# Band promotion



## hardasmum (Apr 23, 2008)

I know how to write a song, play in a band, record, mix, master, album artwork and website design but when it comes to promotion I'm at a loss. I used to pound the pavement and poster the town but apparently a 2% return on postering is a "good" result. 

I'm curious to know what everyone does to promote their band and shows.


----------



## Guest (Jun 3, 2010)

I read and follow Jeri Goldstein. She's got lots of great tips for promotion, tour management and general career building: Booking & Touring Strategies-Book More Gigs,Performingbiz

How to Be Your Own Booking Agent is a good read.


----------



## hardasmum (Apr 23, 2008)

Great link. Cheers!


----------



## WEEZY (May 23, 2008)

That is a great link! 

When I got started, I was clueless as well. I learned a few things over the years though. 

First, unless you're doing a tribute band or supporting a well-known band, DO NOT waste your money on postering. Nobody has heard of you and it will be 100% ignored. If it's a tribute act - POSTER like you've never POSTERED before. It will bring out hundreds of people who are fans of the band being paid tribute to. 

Get a website - not a myspace. Make a hand-stamp with your website address on it and make the door-person stamp everyone's hand with it as they pay.

Get your music on local radio - it's easier than you think. Get into festivals - you might not get paid, but there will be a lot of people exposed to your music. One festival show is better than dozens of shows in an empty club.

Use your connections: do your parents or friends know someone that might be able to help you out?
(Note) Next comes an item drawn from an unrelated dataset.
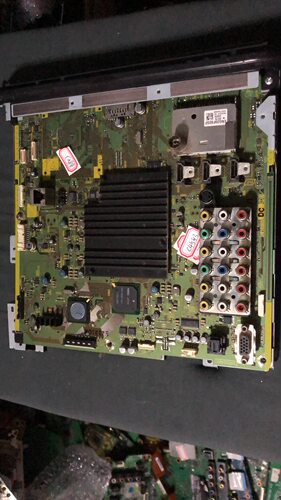 原装 松下 TH-P42GT20C 主板 TNPH0899 DC 1 A 屏 MC406S16V13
Practice a lot, be good, don't suck. Look good, get professional photos taken, don't put out half-baked promo.


----------



## geezer (Apr 30, 2008)

It might not be practical in your situation but we used to do mini tours in lots of small towns ,by renting halls and putting up posters.It seemed like every kid in town showed up because we were the only thing there was to do.


----------



## Milkman (Feb 2, 2006)

Facebook helps. Posters in key places do have an impact. I also have an e-mail mailing list of fans anfd friends. That works fine for local shows. If you're touring you need other people promoting for you.


----------